The CME FedWatch tool showed a 12% probability of a 25-basis-point rate hike at the April meeting as of March 20—data that predates the strike postponement and may understate current market expectations. Futures markets implied a 48% probability of no Fed rate cut in 2026, up from 30% before the oil spike, per Morningstar.
The Fed’s March 18 decision to hold rates steady came before Trump’s de-escalation move. Policymakers lifted core inflation projections by 0.3 percentage points to 2.7% but declined to provide explicit forward guidance on oil price scenarios. Portfolio managers note the ongoing tension between inflation and employment mandates has become harder to assess amid Iranian supply disruption.
The uncertainty compounds existing challenges for monetary policy. Energy costs represent roughly 7% of the Consumer Price Index basket, but second-order effects through transportation and manufacturing costs could prove more persistent than headline fuel price swings.
strait of hormuz remains closed
Despite the diplomatic opening, Iran has not yet reopened the Strait of Hormuz. The waterway remains under effective blockade 23 days into the conflict, with tanker traffic at near-zero levels. Iranian officials have threatened to close the Strait completely and target regional energy infrastructure if strikes proceed—a posture unchanged by Trump’s postponement announcement.
The threat environment extends beyond the Strait itself. Regional producers including Saudi Arabia and the UAE face elevated risk of drone or missile attacks on export terminals, a scenario that could push Dubai crude—which peaked at $150 earlier in the crisis—to new highs regardless of Hormuz status.
- Trump postponed Iran strikes for five days citing productive back-channel conversations, reversing course hours after his 48-hour ultimatum expired
- Brent crude settled at $113.21, down from $126 peak but 62% above 2025 average; Goldman Sachs forecasts $110 March-April average
- Fed rate cut expectations collapsed as futures markets now price 48% probability of zero cuts in 2026, up from 30% pre-crisis
- Kushner and Witkoff lead hastily organised negotiations but face uncertainty over Iran’s post-Khamenei decision-making structure
what to watch
The five-day window will reveal whether Trump’s reversal represents genuine diplomatic breakthrough or tactical pause driven by domestic political pressure and market volatility. Key indicators include: any public statement from Iranian officials confirming dialogue; movement on Strait of Hormuz shipping activity; and whether Kushner successfully identifies credible Iranian interlocutors through Qatari channels.
Energy markets face asymmetric risk. A credible diplomatic framework could trigger rapid crude price normalisation toward $90-95 for Brent, unwinding recent Fed tightening expectations. Conversely, negotiation collapse after the five-day pause would likely send prices above the previous $126 peak, particularly if Iran follows through on threats to target regional infrastructure.

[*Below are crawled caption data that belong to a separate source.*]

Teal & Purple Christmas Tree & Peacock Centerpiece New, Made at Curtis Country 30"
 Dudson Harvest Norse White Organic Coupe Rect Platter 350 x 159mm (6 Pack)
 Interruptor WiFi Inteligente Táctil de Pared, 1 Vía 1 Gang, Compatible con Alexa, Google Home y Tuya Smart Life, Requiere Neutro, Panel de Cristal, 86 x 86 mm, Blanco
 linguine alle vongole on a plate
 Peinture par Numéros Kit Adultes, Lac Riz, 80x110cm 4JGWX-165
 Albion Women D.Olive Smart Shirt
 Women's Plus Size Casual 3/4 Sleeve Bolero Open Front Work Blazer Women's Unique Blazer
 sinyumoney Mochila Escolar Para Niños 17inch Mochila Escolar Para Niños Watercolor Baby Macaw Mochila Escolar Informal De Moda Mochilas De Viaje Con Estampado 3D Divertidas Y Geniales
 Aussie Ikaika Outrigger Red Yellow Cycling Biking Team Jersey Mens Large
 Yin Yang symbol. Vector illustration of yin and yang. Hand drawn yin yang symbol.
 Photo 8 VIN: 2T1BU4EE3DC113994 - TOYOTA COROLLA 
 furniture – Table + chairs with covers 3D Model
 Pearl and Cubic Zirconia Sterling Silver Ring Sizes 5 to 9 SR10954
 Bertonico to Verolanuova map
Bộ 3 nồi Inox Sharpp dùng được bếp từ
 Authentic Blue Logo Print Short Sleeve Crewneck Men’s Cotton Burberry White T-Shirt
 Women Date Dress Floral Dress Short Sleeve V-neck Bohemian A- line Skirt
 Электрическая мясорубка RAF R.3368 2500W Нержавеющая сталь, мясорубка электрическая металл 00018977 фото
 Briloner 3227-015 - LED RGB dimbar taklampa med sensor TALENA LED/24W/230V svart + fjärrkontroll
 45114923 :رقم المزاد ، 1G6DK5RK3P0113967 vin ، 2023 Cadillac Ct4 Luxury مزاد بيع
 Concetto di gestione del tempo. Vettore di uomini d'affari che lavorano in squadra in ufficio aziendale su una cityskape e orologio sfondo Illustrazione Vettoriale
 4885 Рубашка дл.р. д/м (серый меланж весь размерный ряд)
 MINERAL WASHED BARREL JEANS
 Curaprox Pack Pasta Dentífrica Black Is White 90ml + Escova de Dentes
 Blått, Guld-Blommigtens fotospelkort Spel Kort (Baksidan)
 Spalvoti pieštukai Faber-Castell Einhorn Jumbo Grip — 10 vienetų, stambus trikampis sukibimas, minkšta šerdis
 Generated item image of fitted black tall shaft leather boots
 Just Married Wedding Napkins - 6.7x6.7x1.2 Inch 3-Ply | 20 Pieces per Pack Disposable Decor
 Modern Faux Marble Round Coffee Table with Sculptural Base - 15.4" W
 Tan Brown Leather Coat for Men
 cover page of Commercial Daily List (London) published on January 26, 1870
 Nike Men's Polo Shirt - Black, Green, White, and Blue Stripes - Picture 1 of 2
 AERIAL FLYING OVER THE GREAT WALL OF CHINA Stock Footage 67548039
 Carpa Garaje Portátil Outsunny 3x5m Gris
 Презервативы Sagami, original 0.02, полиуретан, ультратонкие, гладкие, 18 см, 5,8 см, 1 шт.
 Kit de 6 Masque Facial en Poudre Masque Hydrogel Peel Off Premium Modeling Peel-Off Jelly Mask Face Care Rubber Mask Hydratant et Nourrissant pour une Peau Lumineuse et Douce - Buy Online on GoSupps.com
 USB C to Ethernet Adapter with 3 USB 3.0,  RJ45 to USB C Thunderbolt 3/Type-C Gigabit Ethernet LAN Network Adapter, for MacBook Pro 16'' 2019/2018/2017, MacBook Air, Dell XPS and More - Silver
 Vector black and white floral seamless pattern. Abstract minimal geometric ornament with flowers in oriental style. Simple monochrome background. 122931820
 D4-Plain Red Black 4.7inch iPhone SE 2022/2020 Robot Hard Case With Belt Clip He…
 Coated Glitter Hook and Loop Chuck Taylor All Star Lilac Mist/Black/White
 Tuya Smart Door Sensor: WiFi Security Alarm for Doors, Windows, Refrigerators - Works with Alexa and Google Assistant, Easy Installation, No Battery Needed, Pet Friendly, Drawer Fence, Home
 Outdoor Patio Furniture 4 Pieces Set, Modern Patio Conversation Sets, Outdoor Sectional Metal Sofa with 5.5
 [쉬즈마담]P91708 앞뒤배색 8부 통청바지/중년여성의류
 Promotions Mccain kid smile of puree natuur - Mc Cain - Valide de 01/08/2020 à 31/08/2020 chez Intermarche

For the Fed, the March 18 projections are already stale. If diplomatic progress materialises this week, April’s policy decision reverts to pre-war assumptions about gradual disinflation. If talks fail, Powell faces the prospect of simultaneous supply shock and geopolitical crisis—a scenario that would force explicit acknowledgment of stagflation risk for the first time since the 1970s.